Lastly, Be exhorted to believe this great truth; and believe it so, as you may prepare for its judgment betimes. Set up a secret tribunal in your own breasts, and often call yourselves to an account there. Make the Judge your friend in time, by closing with him in the offer of the gospel; and give all diligence, that ye may be found in

Christ at that day. Cast off the works of darkness, and live, as believing you are, at all times, and in all places, under the eye of your Judge, who will bring every work into judgment, with every secret thing. Be fruitful in good works, knowing that as ye sow, ye shall reap. Study piety towards God, righteousness and charity towards men. Lay up in store plenty of works of charity and mercy, towards them who are in distress, especially such as are of the household of faith, that they may be produced that day as evidences, that ye belong to Christ. Shut not up your bowels of mercy, now, towards the needy; lest ye, then, find no mercy. Take heed, that in all your works, ye be single and sincere; aiming, in them all, at the glory of your Lord, a testimony of your love to him, and obedience to his command. Leave it to hypocrites, who have their reward, to proclaim every man his own goodness, and to sound a trumpet, when they do their alms. It is a base and unchristian spirit, which cannot have satisfaction in a good work, unless it be exposed to the view of others; i is utterly unworthy of one who believes that the last trumpet shall call together the whole world; before whom the Judge himself shall publish works truly good, how secretly soever they were done. Live in a believing expectation of the coming of the Lord. Let your loins be always girt and your lamps burning; so when he comes, whether in the last day of your life, or in the last day of the world, ye shall be able to say with joy, Lo, this is our God, and we have waited for him.

HEAD V.

THE KINGDOM OF HEAVEN.

MAT. XXV. 34.

Then shall the King say unto them on his right hand, Come ye blessed of my Father, inherit the kingdom prepared for you from the foundation of the world.

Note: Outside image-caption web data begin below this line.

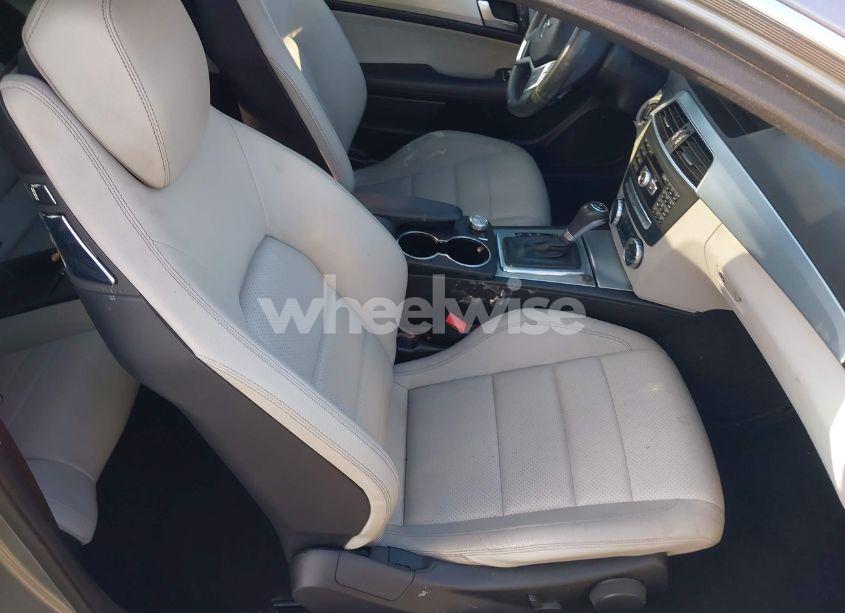 Photo 5 of 2012 Mercedes-benz C 250 (VIN WDDGJ4HB1CF798671)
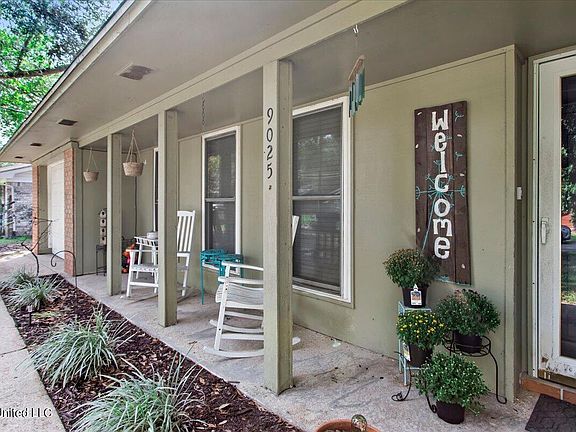 2nd image of 9025 Warbler Ave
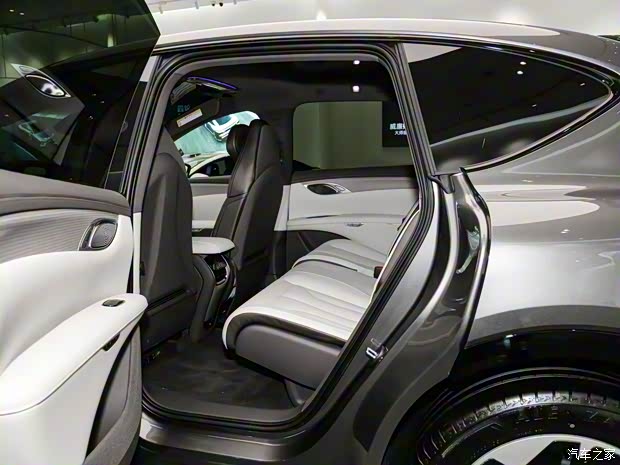 智己汽车 智己LS7 2023款 90kWh 后驱版 智己汽车 智己LS7 2023款 90kWh 后驱版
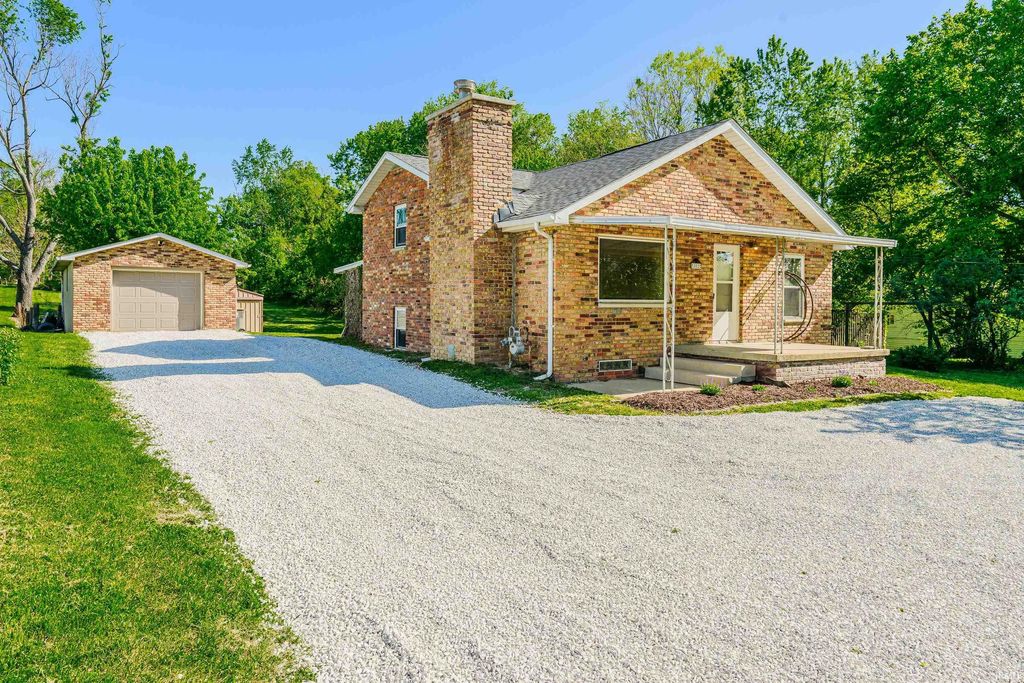 Photo of 802 W Country Club, Bloomington, IN 47403 (MLS # 202614925)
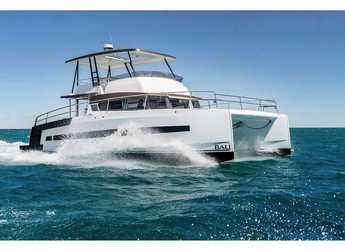 Rent a power catamaran  in Porto Capo d'Orlando Marina - Bali 4.3 Motor Yacht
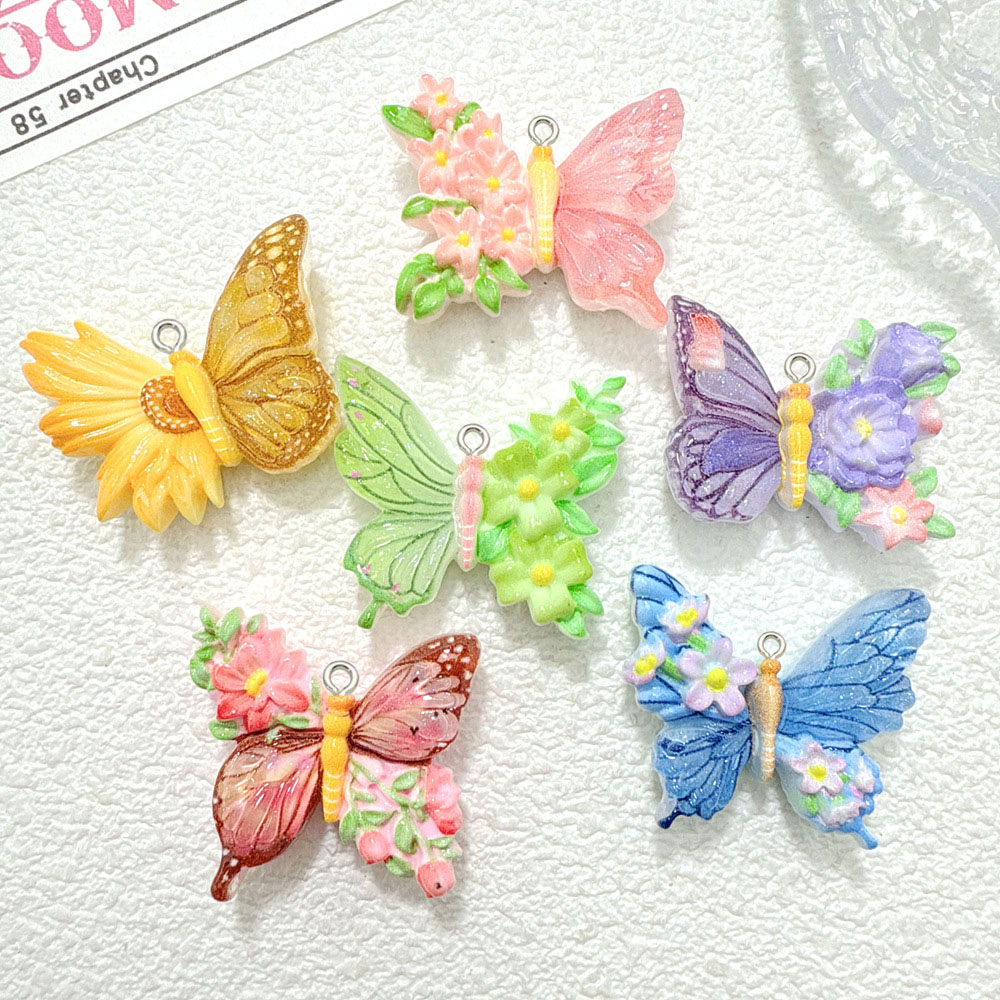 Butterfly Pendant Necklace - 10 pièces nouvelle fleur papillon résine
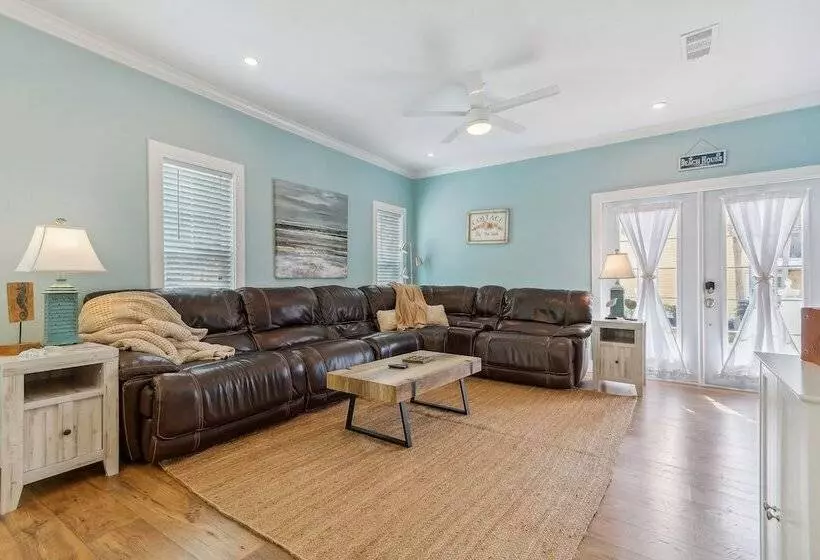 Family Friendly Pensacola Home < 1 Mi To Beach!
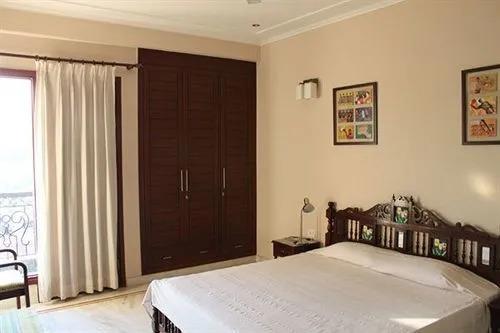 Нью-Дели: OYO Premium Saket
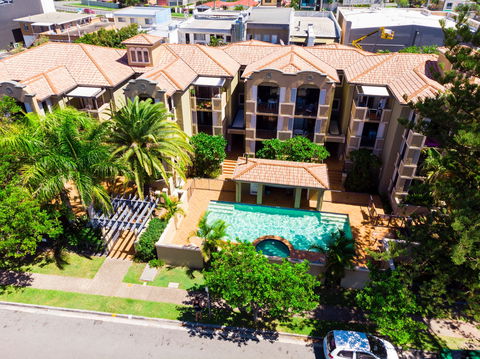Beaches On Wave Street - Coogee Beach Accommodation 1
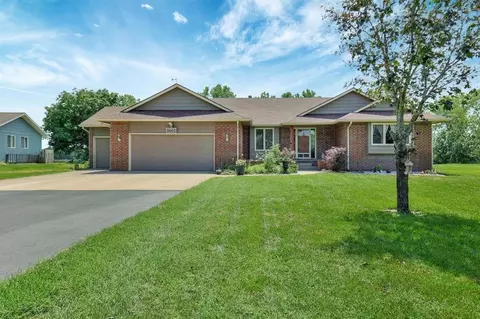 2005 E Pine Bay St, Wichita, KS 67216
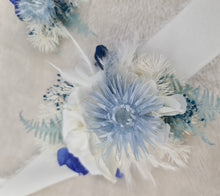 Load image into Gallery viewer, Preserved flowers Blue & white School prom set – corsage & buttonhole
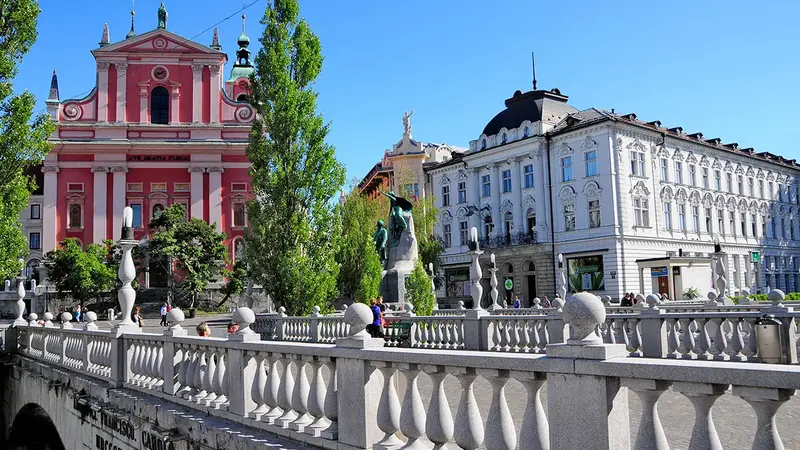Trieste, Ljubljanë dhe ski në Villach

AVING, from this portion of Scripture, which the

text is a part of, discoursed of the general judgment; and being to speak of the everlasting happiness of the saints, and the everlasting misery of the wicked, from the respective sentences to be pronounced upon them in the great day; I shall take them in the order wherein they lie before us; the rather, that a sentence is first past upon the righteous, so the execution thereof is first begun, though possibly the other may be fully executed before it be completed.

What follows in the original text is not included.